The preconditioner stats includes the state of the hyperparameters and the accumulated factors A and G for all layers. If you do not want to save the state of the factors, use KFACPreconditioner.state_dict(include_factors=False). When a state is loaded, KFACPreconditioner.load_state_dict will recompute the inverses/eigen decompositions of the factors.

Hyperparameter Schedulers

Just as PyTorch optimizers use LR schedulers to implement hyperparameter schedules, K-FAC parameters can be adjusted throughout training via two means.

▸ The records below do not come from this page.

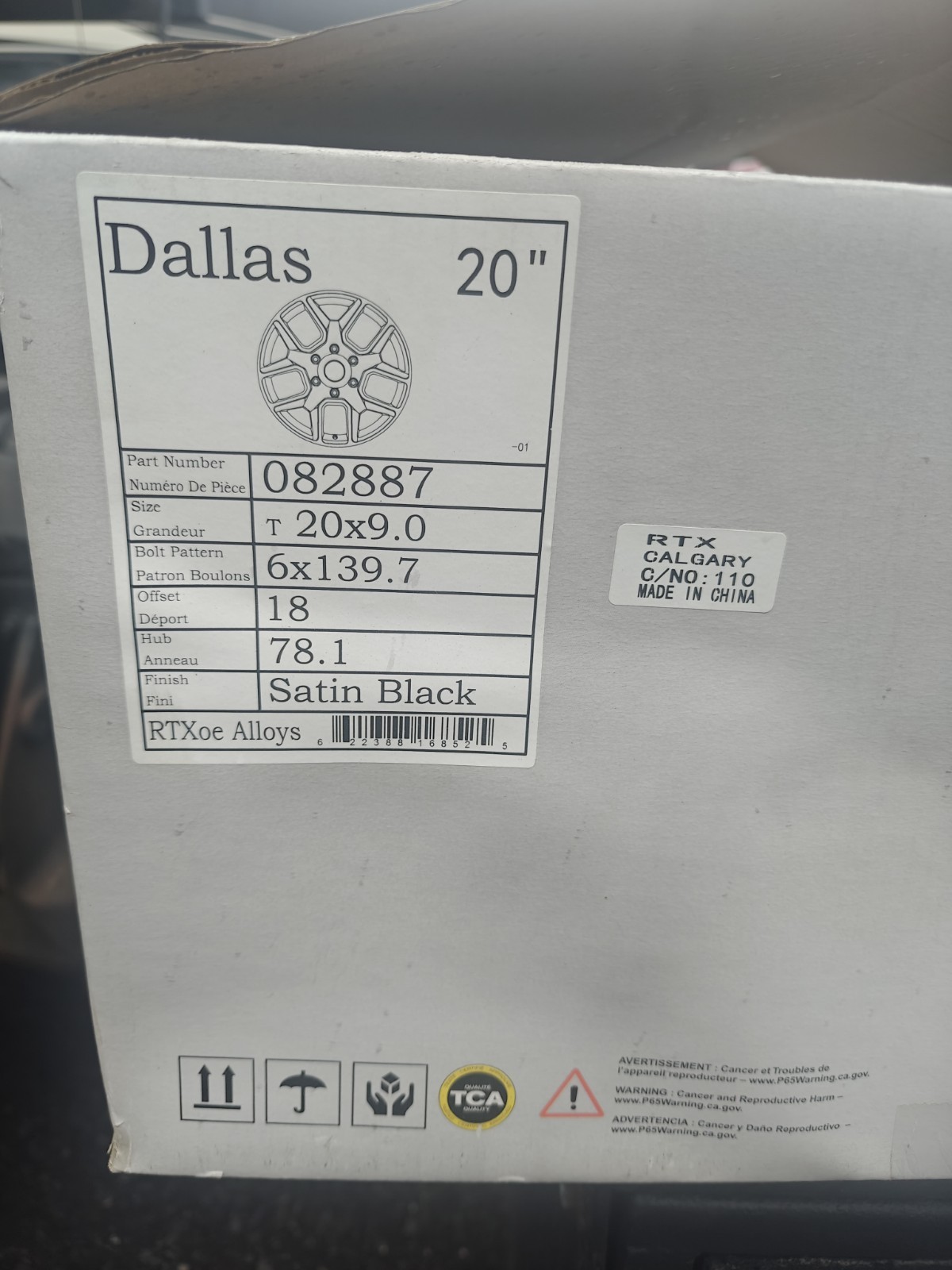 RTX DALLAS Wheels 20x9 (18, 6x139.7, 78.1) Black Rims Set of 4 | eBay
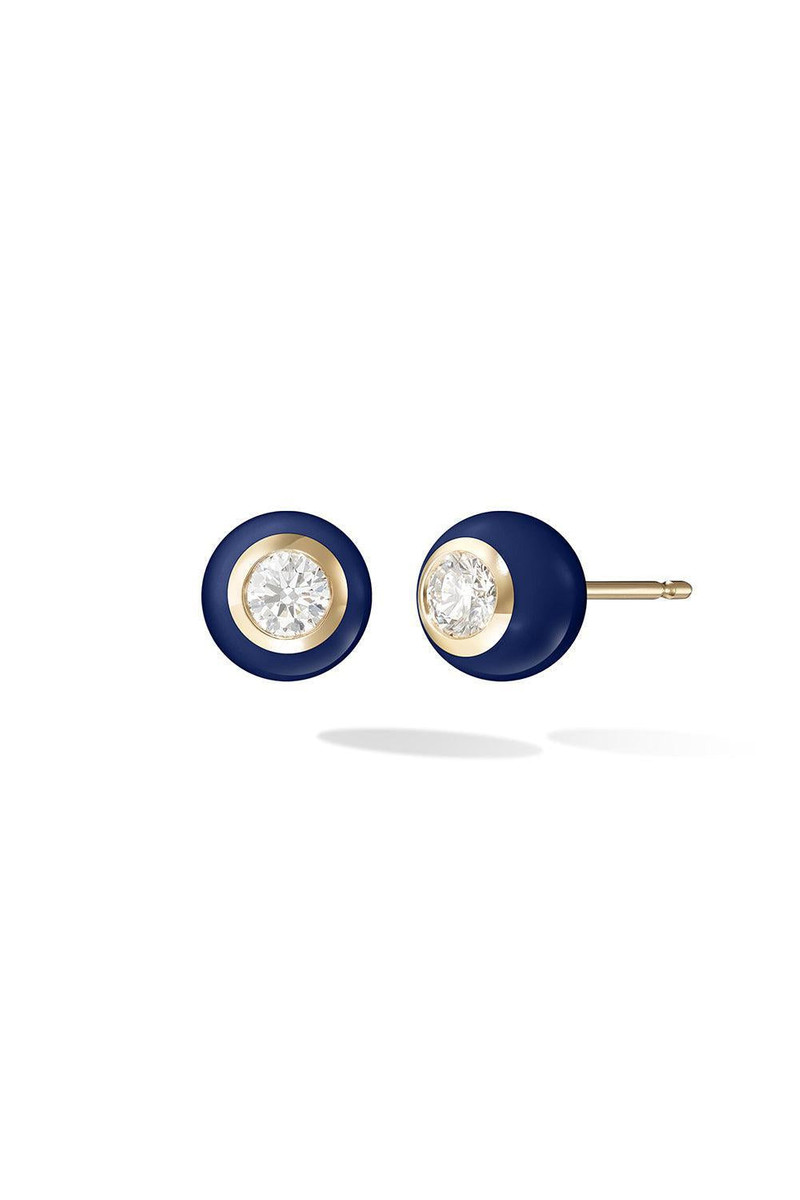 Medium Navy Audrey Diamond Stud Earrings 1
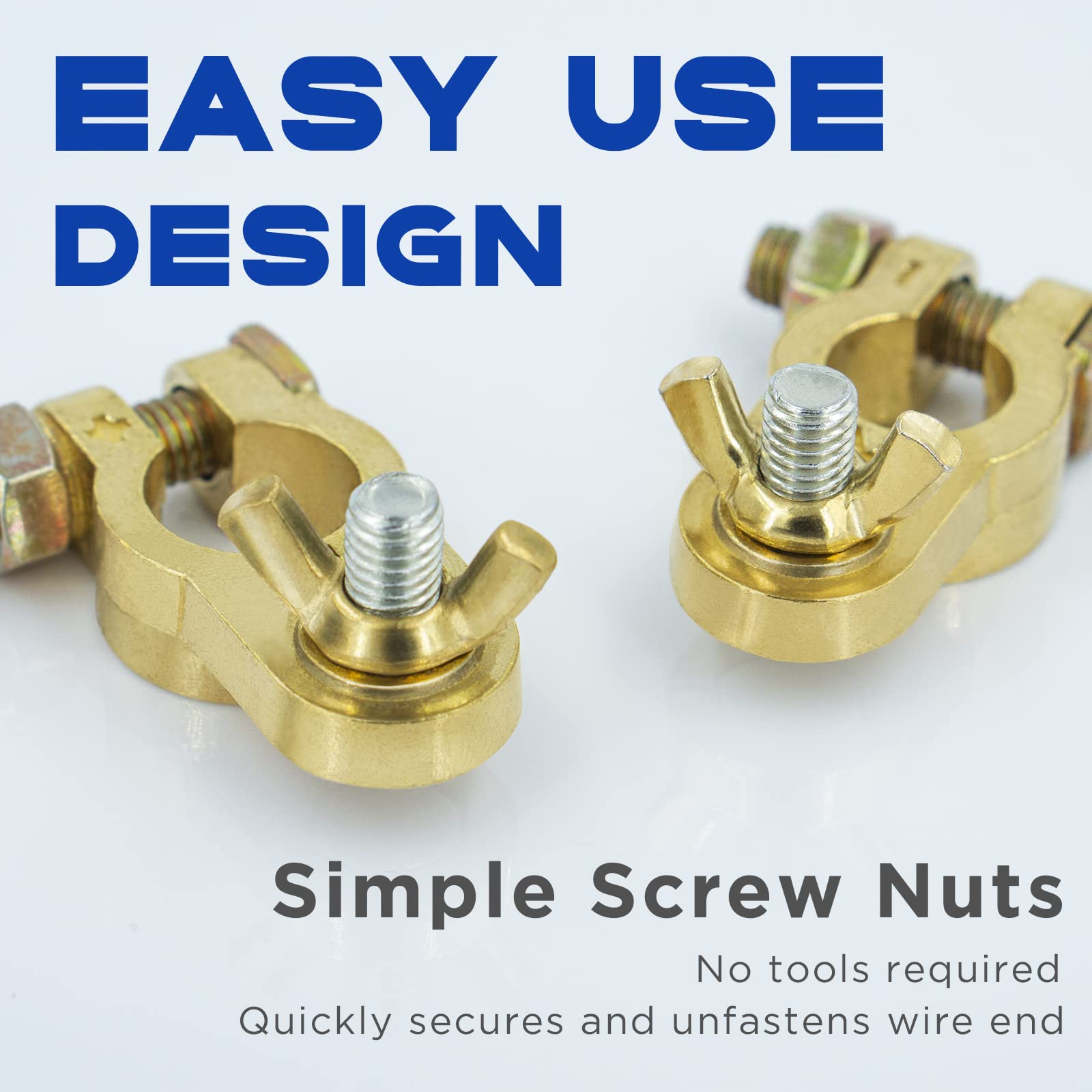 1 Pair Battery Terminal Connector, Cable End Connector Compatible With Car, Van, Truck Marine Boat RV etc, Top Post Battery Term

Option 1: All of the precondition hyperparameters can take constant values of callable functions of the form Callable[[int], Any] which take as input the K-FAC step number and return a new value for the hyperparameter.

KFACPreconditioner(
    model,
    # KFAC will call the external function get_update_steps each iteration
    # to determine the update frequency
    factor_update_steps=get_update_steps,
    # Pass a custom lambda to compute a hyper parameter
    damping=lambda x: 0.01 / x,
    # Use a lambda to get a hyperparameter from elsewhere
    lr=lambda x: optimizer.param_groups[0]['lr'],
)

Option 2: Use the LambdaParamScheduler like a PyTorch LR scheduler.

from kfac.scheduler import LambdaParamScheduler

preconditioner = KFACPreconditioner(model, ...)
scheduler = LambdaParamScheduler(
    preconditioner,
    lr=lambda x: optimizer.param_groups[0]['lr'],
    ...
)

for data, target in train_loader:
    optimizer.zero_grad()
    output = model(data)
    loss = criterion(output, target)
    loss.backward()
    preconditioner.step()
    optimizer.step()
    scheduler.step()

Mixed Precision

K-FAC supports mixed precision training with torch.cuda.amp and torch.nn.parallel.DistributedDataParallel Factors for a given layer will be stored in the data type used during the forward/backward pass. For most PyTorch layers, this will be float16. However, there are exceptions such as layers that take integer inputs (often embeddings). Inverses of the factors are stored in float32, but this can be overridden to float16 to save memory at the cost of potential numerical instability. The GradScaler object can be passed to K-FAC such that K-FAC can appropriately unscale the backward pass data. If the GradScaler is provided, G factors will be cast to float32 to prevent underflow when unscaling the gradients.

When using torch.cuda.amp for mixed precision training, be sure to call KFACPreconditioner.step() outside of an autocast() region. E.g.

from kfac.preconditioner import KFACPreconditioner

model = ...
optimizer = ...
scaler = GradScaler()
preconditioner = KFACPreconditioner(model, grad_scaler=scaler)

for i, (data, target) in enumerate(train_loader):
    optimizer.zero_grad()
    with autocast():
        output = model(data)
        loss = criterion(output, target)
    scaler.scale(loss).backward()

    # Unscale gradient before preconditioning
    scaler.unscale_(optimizer)
    preconditioner.step()
    scaler.step(optimizer)
    scaler.update()

See the PyTorch mixed-precision docs for more information.

K-FAC does not support NVIDIA AMP because some operations used in K-FAC (torch.inverse and torch.symeig) do not support half-precision inputs, and NVIDIA AMP does not have functionality for disabling autocast in certain code regions.

Gradient Accumulation

If training with gradient accumulation, step the accumulation_steps parameter of the KFACPreconditioner accordingly. This will ensure that the forward and backward pass hooks on each registered module correctly adjust how frequently to capture intermediate data depending on the factor_update_steps and accumulation_steps.